Data to process section start

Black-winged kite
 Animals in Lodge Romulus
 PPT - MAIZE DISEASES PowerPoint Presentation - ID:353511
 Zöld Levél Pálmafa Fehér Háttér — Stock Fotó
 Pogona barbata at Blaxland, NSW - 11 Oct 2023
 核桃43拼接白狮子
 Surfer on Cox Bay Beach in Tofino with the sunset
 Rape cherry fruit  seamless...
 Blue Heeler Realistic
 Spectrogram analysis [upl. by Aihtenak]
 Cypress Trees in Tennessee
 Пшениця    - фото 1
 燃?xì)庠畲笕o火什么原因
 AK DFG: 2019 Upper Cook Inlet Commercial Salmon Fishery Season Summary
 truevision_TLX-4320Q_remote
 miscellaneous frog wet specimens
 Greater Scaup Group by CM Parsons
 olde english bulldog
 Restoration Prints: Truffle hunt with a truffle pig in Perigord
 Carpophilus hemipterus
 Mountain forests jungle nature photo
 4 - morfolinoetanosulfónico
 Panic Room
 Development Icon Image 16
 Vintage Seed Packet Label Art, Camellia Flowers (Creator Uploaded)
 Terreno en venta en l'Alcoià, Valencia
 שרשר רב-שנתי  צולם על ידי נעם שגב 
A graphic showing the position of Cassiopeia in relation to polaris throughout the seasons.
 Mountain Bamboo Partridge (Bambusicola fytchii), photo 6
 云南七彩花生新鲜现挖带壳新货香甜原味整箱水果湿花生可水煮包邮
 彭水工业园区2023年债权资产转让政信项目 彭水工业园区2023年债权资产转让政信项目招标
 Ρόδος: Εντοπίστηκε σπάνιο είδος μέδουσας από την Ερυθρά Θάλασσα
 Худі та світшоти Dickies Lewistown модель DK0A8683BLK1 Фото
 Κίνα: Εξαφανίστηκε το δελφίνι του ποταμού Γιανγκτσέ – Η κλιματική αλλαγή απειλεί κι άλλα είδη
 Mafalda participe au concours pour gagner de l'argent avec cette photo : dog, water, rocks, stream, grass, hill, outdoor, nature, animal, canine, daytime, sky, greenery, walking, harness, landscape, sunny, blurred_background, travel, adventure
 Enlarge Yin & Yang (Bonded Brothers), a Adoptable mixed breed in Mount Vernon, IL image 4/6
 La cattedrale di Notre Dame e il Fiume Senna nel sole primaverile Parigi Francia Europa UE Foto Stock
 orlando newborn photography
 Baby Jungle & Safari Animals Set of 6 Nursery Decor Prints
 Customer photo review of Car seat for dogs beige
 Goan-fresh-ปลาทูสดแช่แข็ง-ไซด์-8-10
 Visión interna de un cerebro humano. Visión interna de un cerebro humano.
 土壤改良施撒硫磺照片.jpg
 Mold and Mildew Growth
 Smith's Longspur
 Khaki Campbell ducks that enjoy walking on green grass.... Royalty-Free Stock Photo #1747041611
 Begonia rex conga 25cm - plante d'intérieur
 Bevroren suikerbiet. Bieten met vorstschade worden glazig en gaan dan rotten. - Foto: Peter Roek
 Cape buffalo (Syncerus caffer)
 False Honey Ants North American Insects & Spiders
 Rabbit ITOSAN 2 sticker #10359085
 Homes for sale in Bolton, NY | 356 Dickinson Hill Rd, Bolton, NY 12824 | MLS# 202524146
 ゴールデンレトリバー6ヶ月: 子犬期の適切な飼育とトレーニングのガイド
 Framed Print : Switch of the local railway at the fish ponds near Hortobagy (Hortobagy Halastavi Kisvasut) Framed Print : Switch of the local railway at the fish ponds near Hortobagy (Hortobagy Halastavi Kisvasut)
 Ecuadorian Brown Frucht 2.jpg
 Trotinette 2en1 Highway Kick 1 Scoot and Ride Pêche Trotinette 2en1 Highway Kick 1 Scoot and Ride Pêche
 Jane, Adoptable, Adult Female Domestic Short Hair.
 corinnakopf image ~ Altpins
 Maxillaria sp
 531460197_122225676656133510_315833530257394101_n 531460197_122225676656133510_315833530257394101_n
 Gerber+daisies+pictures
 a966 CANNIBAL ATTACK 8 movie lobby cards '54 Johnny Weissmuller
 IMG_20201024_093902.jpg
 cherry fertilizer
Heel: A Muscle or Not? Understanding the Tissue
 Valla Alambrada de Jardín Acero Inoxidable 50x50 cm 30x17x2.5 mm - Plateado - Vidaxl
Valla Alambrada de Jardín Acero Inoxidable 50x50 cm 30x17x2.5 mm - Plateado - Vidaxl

Data to process section end

● **Work to complete**: Between the first line of the entries above and the line with "Spectrogram analysis [upl. by Aihtenak]", both included, copy every line exactly and nothing outside that range.

● **Solution to the exercise**:
Black-winged kite
 Animals in Lodge Romulus
 PPT - MAIZE DISEASES PowerPoint Presentation - ID:353511
 Zöld Levél Pálmafa Fehér Háttér — Stock Fotó
 Pogona barbata at Blaxland, NSW - 11 Oct 2023
 核桃43拼接白狮子
 Surfer on Cox Bay Beach in Tofino with the sunset
 Rape cherry fruit  seamless...
 Blue Heeler Realistic
 Spectrogram analysis [upl. by Aihtenak]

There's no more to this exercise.